What this task involves: Please return the lines below verbatim, beginning at the one that has "they made おせちの数の子アレンジ♪数の子の梅肉あえ." and stopping after the one that has "Colorado Credit Union Visa Credit Card", and add no other lines.

Exercise input:
»»
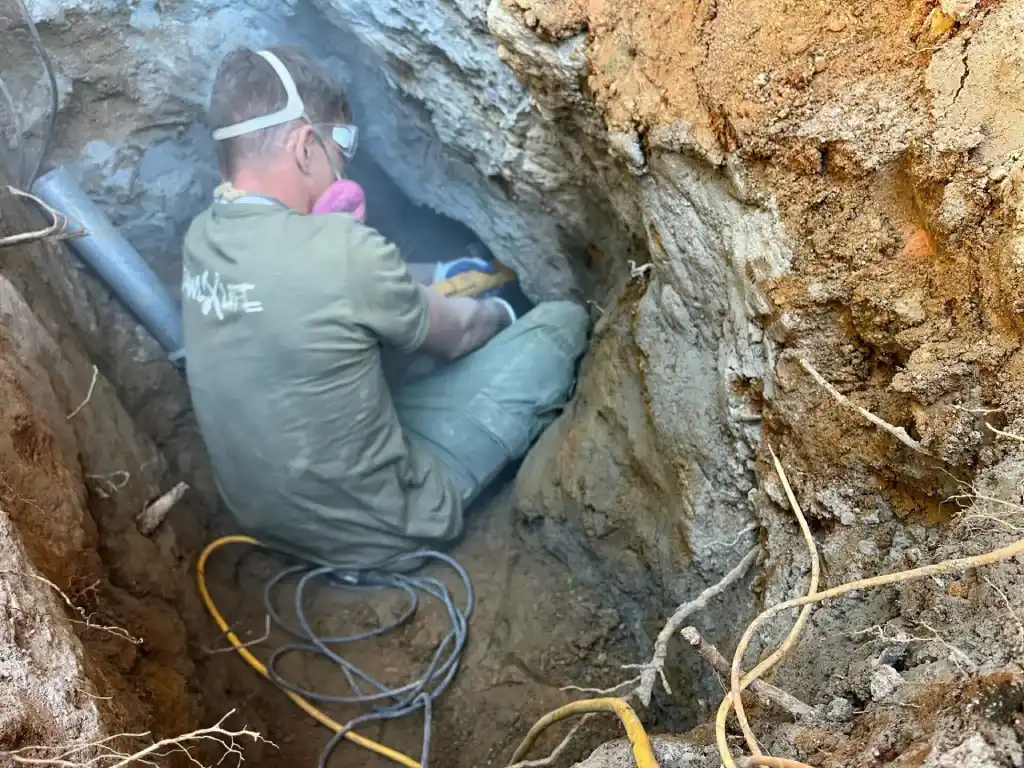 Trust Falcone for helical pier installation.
««
»»
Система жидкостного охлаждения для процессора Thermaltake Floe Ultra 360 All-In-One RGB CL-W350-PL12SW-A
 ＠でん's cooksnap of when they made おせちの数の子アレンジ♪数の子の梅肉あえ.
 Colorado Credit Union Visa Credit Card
««
»»
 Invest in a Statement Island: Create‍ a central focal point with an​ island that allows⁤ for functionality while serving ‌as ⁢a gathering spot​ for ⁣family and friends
««
Response area:
 ＠でん's cooksnap of when they made おせちの数の子アレンジ♪数の子の梅肉あえ.
 Colorado Credit Union Visa Credit Card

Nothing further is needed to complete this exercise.